Ob das Trio für zu spätes Erscheinen beim Training beziehungsweise Feierlichkeiten außerhalb der erlaubten Zeiten bestraft wurde, wie es im Umfeld hieß, spielt letztlich keine Rolle. Es bleiben Disziplinlosigkeiten und unter dem Strich die Erkenntnis, dass Stanislawski aktuell mindestens drei Fragezeichen in seiner Truppe hat. Spieler, auf die er sich nicht uneingeschränkt verlassen konnte und die nach der Nicht-Berücksichtigung für ein Spiel von großer Bedeutung nun wieder in das Gefüge integriert werden müssen.

"Es ist wichtig, dass man zusammensteht. Wir leben von unserem Teamgeist", sagte Kapitän Fabio Morena, der bereits Gespräche mit den drei Tribünengästen führte. "Fakt ist, dass die Spieler auch weiter das Vertrauen genießen. Sie müssen sich nur so verhalten, dass das für uns als Mannschaft in Ordnung ist." Stanislawski erklärte, zum Wohle der Mannschaft gehandelt zu haben und alles weitere intern belassen zu wollen. Er ließ damit Raum für Spekulationen, ob den Spielern weitere Konsequenzen drohen oder sich die Angelegenheit mit der Verbannung für eine Partie erledigt hat, was mit hoher Wahrscheinlichkeit der Fall sein dürfte.

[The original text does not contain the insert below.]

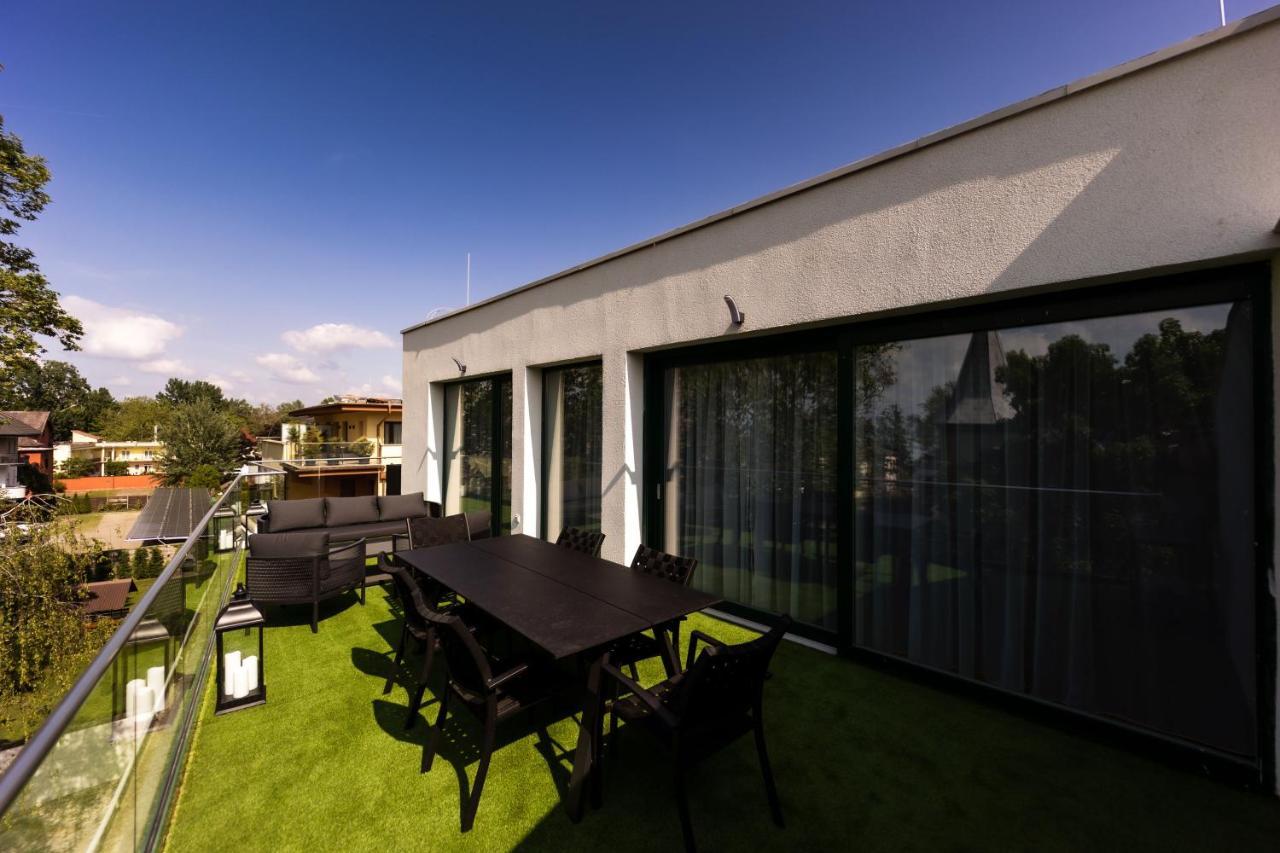 Villa Bauhaus Penthouse Wellness Apartman 希欧福克 外观 照片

Gegen Kaiserslautern hatte sich nur das Fehlen Zambranos auf die erste Elf ausgewirkt. Weil der bisherige Partner des Peruaners, Markus Thorandt, rotgesperrt pausieren musste, schickte Stanislawski mit Morena und Ralph Gunesch eine komplett neue Innenverteidigung aufs Feld, ließ zudem Moritz Volz für Bastian Oczipka auf der Innenverteidigerposition ran. "Es ist schon ein gewisses Risiko, wenn du drei Leute in der Viererkette tauschst, aber auch ein großes Vertrauen in die Leute", meinte Stanislawski. "Ich sage den Leuten immer, dass der Tag X irgendwann für jeden kommt. Für manche dauert er dann nur 15 Minuten, aber genau dafür trainieren manche Leute 350 Einheiten im Jahr. Um da zu funktionieren und dem Verein die Bundesliga zu sichern."

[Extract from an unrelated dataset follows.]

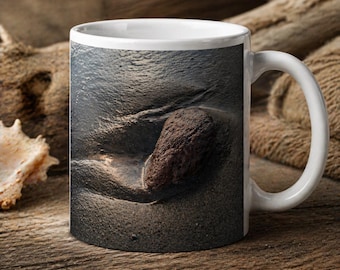 Tazza da caffè con motivo "Ocean Flow", tazza con texture di sabbia costiera, tazza minimalista con fotografia di spiaggia, regalo a tema oceano tranquillo, tazza unica con motivo naturale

Von weiteren Änderungen in der Startelf hatte Stanislawski abgesehen, auch wenn er bestätigte, bis zum Schluss über diese nachgedacht zu haben. Namentlich benannte er die Offensivkräfte Gerald Asamoah und Marius Ebbers, die zuletzt nicht besonders glücklich agiert hatten. Vor allem Ebbers zahlte dem Coach das Vertrauen mit einer engagierten Leistung zurück, allgemein zeichnete sich St. Pauli vor allem durch leidenschaftlichen Kampf aus. Eine alte Tugend des Kiezklubs, die angesichts des spielerischen Glanzes der Aufstiegssaison schon ein wenig angestaubt schien.

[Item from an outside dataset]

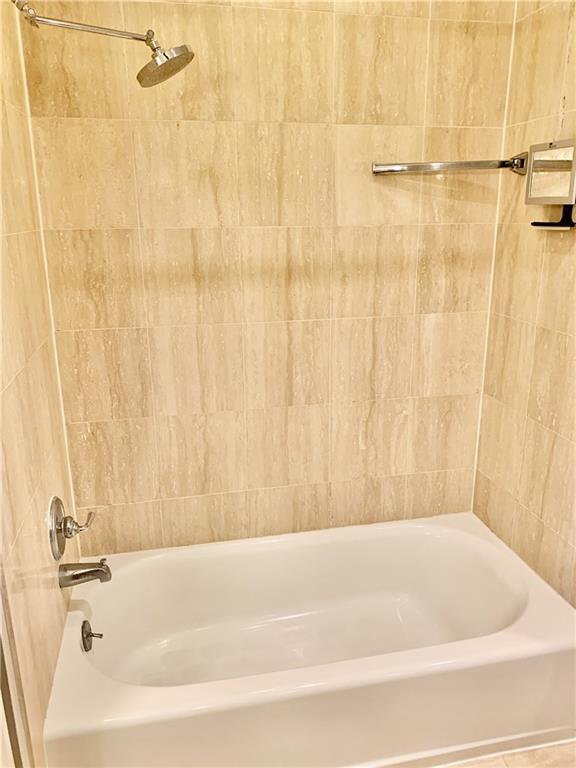 Metairie, Louisiana 70005, United States, 2 Bedrooms Bedrooms, ,2 BathroomsBathrooms,Residential,Pending,62893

Dass am Ende ein Eigentor von Christian Tiffert die Entscheidung brachte, passte zur spielerisch mäßigen Partie, störte Stanislawski aber keineswegs. "Die Jungs haben sehr viel investiert", sagte der Coach. "Man muss auch sehen, dass man die Dinge erzwingt, und das haben die Jungs gemacht." Ein Treffer für die seit dem 3:2 gegen den 1. FC Nürnberg sieben Spiele torlose Offensive des Kiezklubs - die letzten eigenen Treffer erzielten seither die Verteidiger Thorandt und Zambrano - bleibt daher ein offener Fall, den es in den verbleibenden zwei Partien bis zur Winterpause zu lösen gilt.